NOTHING became Valery Hovenden like her gusto. It seemed wholly altruistic. Other actress-directors might rent rooms and crypts, attics and basements, in which to put on plays starring themselves: in the 1950s it was easily done, as long as you called it a theatre club.
Her concern as a former tutor at RADA was for her ex-pupils. How could they find anything worthwhile to act without professional experience, and how could they get professional experience? They might hope that the leading theatrical producer of the day, Hugh (Binkie) Beaumont of HM Tennent, would put them under contract as understudies in one of the dozen or so shows he had running in the West End or the provinces. Or a vacancy might crop up at the Bristol Old Vic or the Liverpool or Birmingham Reps for a beginner; and of course there was the chance of crowd work at the film studios (neither television nor the subsidised theatre had yet got properly started).
To Valery Hovenden all these notions were trash. What young people out of drama school needed was full-blooded drama, something to stretch their talents straightaway. Testing their technique at all levels and giving them something to bite on before (as was to happen to so many), they settled for cosy, everyday roles in everyday serials on television and queued up to do voices over.
The Hovenden prescription was the classics pure and seldom simple: Moliere, Yeats, Byron, Masefield, Browning, Chapman, Aphra Behn, the Duke of Buckingham, Nicholas Rowe, even David Garrick (in honour of her club's new premises in Garrick Yard off St Martin's Lane).
It could hardly be more central, just round the corner and well out of sight of the famous actors' club where Sir Donald Wolfit still loomed and growled as if he had inherited the mantle of Sir Henry Irving, and well out of mind of most playgoers for whom the Hovenden style of not paying her actors but demanding from them two shillings and sixpence a year for the privilege of acting before an audience that paid seven shillings and sixpence a year to drop in whenever they fancied for play readings, rehearsals, first nights or just refreshments and a chat, seemed just a bit too cosy.

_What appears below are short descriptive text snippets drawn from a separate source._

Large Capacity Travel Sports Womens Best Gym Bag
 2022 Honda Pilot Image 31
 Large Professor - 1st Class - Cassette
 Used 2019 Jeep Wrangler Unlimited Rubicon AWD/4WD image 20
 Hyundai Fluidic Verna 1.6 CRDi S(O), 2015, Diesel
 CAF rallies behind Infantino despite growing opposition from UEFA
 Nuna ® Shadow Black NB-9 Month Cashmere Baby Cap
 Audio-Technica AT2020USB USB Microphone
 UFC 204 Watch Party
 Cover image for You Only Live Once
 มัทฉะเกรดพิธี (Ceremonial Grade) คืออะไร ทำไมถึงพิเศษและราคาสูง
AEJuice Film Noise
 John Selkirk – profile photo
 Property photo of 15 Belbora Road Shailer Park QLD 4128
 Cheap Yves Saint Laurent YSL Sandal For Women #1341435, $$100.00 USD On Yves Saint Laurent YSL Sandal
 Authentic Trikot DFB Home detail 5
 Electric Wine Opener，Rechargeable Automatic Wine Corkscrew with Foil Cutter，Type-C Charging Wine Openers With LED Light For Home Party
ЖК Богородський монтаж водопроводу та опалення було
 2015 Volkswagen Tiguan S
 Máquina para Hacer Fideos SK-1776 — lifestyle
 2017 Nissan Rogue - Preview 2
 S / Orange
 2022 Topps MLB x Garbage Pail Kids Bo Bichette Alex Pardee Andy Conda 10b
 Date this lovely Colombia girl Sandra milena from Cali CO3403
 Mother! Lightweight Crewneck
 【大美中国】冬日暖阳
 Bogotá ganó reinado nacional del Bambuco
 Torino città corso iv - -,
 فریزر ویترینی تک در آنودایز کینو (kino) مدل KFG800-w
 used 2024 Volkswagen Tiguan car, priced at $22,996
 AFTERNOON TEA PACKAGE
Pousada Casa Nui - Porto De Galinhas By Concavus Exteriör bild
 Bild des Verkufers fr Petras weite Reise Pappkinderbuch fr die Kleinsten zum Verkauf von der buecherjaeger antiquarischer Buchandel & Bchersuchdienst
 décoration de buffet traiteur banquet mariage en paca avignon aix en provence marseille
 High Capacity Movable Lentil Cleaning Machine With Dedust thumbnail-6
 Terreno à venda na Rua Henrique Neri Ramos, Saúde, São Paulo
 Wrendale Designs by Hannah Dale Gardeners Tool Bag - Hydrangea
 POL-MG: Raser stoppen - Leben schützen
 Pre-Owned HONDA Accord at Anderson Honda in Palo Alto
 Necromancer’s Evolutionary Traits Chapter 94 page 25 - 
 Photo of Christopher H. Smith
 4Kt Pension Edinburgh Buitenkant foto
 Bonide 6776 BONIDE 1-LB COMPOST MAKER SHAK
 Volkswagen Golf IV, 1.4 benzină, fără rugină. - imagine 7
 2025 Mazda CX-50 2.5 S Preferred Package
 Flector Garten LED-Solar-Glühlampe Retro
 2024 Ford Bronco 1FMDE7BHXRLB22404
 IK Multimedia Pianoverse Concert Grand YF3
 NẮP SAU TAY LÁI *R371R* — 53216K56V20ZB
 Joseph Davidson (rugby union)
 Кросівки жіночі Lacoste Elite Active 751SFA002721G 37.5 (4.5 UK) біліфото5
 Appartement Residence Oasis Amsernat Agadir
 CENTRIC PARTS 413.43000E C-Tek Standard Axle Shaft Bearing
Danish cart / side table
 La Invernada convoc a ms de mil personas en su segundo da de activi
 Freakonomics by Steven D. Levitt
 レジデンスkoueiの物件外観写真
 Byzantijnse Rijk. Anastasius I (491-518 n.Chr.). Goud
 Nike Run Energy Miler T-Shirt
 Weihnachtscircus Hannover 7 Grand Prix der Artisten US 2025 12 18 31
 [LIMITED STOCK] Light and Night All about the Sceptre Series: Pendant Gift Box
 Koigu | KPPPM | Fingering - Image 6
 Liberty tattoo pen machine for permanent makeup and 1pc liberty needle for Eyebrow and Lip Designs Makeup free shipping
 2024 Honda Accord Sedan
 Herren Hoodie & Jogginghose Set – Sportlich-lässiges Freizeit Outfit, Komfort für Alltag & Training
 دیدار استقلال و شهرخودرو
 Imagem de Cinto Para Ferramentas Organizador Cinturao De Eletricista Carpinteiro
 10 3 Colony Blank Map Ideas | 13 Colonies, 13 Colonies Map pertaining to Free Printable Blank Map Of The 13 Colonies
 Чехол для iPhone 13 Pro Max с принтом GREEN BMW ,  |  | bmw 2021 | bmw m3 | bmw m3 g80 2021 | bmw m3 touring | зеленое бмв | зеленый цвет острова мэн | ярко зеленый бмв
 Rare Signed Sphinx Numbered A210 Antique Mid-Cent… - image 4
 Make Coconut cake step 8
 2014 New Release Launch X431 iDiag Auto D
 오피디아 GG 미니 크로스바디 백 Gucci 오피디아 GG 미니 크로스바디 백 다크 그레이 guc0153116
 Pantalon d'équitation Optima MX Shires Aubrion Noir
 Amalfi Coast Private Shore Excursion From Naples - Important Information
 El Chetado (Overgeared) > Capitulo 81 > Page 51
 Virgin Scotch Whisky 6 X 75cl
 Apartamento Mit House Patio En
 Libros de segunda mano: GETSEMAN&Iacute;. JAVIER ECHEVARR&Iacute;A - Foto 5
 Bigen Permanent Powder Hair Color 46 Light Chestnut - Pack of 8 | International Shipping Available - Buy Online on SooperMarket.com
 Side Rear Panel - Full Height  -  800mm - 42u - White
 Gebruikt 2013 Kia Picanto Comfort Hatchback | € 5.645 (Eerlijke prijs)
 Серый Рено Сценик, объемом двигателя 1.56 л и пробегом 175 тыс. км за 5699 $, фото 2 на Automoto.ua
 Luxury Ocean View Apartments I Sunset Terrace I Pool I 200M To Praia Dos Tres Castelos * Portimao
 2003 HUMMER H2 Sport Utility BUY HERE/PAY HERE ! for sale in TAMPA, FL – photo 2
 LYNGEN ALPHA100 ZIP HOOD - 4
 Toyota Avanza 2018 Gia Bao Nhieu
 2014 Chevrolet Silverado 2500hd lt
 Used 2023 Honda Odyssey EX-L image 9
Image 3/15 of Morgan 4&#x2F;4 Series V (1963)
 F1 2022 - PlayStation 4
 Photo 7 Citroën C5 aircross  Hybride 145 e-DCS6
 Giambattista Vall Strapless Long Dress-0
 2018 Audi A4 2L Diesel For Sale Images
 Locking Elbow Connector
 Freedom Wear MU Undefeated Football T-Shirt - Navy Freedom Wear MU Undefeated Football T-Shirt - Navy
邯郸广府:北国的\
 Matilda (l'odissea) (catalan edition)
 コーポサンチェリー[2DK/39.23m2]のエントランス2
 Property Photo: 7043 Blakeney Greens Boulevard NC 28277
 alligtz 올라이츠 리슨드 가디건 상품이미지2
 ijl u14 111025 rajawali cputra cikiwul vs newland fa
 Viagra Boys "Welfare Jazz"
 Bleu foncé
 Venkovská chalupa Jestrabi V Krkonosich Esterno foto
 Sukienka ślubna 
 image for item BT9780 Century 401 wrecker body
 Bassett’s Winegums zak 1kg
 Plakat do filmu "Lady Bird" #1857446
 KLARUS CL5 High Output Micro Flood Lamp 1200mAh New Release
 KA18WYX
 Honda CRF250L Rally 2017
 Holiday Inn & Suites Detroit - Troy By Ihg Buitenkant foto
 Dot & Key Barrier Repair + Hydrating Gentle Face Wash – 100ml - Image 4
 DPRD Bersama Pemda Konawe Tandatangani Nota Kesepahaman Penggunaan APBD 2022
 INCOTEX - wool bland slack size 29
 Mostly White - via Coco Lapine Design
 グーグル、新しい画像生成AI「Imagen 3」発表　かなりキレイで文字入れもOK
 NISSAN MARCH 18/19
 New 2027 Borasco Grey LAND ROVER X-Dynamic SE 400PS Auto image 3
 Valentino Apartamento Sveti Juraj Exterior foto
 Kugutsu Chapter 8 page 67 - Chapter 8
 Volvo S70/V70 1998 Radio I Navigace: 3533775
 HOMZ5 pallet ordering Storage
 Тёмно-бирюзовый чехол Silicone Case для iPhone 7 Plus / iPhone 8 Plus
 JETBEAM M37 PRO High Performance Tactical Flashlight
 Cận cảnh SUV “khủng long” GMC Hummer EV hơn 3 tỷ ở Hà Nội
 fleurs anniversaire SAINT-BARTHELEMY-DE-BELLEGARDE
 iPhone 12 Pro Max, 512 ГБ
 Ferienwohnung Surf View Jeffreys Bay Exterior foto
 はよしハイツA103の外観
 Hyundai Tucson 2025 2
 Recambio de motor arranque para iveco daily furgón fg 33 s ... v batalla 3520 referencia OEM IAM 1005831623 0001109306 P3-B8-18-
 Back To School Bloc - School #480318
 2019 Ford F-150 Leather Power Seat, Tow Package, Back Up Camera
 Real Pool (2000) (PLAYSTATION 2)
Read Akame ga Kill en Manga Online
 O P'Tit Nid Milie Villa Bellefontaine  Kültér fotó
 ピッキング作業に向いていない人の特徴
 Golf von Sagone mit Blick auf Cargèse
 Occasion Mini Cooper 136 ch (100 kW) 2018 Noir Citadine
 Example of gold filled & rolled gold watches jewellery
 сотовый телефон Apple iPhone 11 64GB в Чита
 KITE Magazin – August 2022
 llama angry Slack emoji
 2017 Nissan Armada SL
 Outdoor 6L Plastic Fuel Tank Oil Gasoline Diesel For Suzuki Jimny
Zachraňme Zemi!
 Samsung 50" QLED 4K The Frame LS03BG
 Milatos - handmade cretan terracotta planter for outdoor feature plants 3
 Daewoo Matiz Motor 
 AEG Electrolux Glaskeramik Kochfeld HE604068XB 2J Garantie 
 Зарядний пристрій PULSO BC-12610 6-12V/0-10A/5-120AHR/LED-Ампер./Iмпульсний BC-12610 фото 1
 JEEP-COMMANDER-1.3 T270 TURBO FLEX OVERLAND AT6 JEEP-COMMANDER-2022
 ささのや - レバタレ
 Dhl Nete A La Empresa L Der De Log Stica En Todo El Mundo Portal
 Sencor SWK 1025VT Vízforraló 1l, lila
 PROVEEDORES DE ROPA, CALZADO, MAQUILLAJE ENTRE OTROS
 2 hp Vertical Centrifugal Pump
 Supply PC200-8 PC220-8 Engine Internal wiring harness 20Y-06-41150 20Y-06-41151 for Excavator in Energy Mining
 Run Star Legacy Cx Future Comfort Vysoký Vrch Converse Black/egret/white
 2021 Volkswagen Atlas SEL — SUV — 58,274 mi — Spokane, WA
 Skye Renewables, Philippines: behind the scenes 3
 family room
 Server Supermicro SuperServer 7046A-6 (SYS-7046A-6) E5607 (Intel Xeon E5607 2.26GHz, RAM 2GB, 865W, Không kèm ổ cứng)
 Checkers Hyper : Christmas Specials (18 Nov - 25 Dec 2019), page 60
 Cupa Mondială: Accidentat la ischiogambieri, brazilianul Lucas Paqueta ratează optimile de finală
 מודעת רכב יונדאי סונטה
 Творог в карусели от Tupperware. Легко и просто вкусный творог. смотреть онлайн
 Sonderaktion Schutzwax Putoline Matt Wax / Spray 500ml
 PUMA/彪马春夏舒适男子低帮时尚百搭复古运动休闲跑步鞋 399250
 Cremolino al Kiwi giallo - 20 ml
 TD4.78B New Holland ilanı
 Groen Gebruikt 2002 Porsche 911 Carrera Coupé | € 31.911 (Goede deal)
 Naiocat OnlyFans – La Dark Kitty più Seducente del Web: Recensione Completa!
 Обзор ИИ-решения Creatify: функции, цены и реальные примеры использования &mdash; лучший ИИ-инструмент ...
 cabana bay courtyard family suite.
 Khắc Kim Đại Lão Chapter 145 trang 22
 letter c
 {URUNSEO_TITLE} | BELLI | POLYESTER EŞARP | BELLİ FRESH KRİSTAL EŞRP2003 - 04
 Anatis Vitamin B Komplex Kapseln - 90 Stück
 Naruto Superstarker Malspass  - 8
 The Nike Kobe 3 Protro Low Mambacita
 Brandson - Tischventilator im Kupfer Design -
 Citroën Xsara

But it gave young players and their necessarily small audiences something neither could find elsewhere. Not that Hovenden denied herself the chance to act as well as direct. In a crisis she was everyone's understudy.
Besides, she had acted in the 1920s when she horrified her upper-middle-class family by expressing professional ambitions. In humble capacities she had worked for the Cassons, for Nigel Playfair and Peter Godfrey until one mad day during a round of the agencies she ran into Kay Hammond and Margaret Rawlings, also seeking work; and the three of them swept off on a rumour to Tilbury, there to appear in an early British talkie about the sinking of the Titanic, EA Dupont's The Atlantic (1929).
The work for extras was so exciting, arduous, wet but exhilarating that only when it was over did Valery Hovenden remember that she had forgotten to tell her husband where she had been. John Henry Woulfe Flanagan, an Irish engineer, promptly called a halt to all her acting, though 20 years later he fell in gracefully with her West End mission for beginners for whom under the name of Dionysius McDuffy he would translate the Greek classics.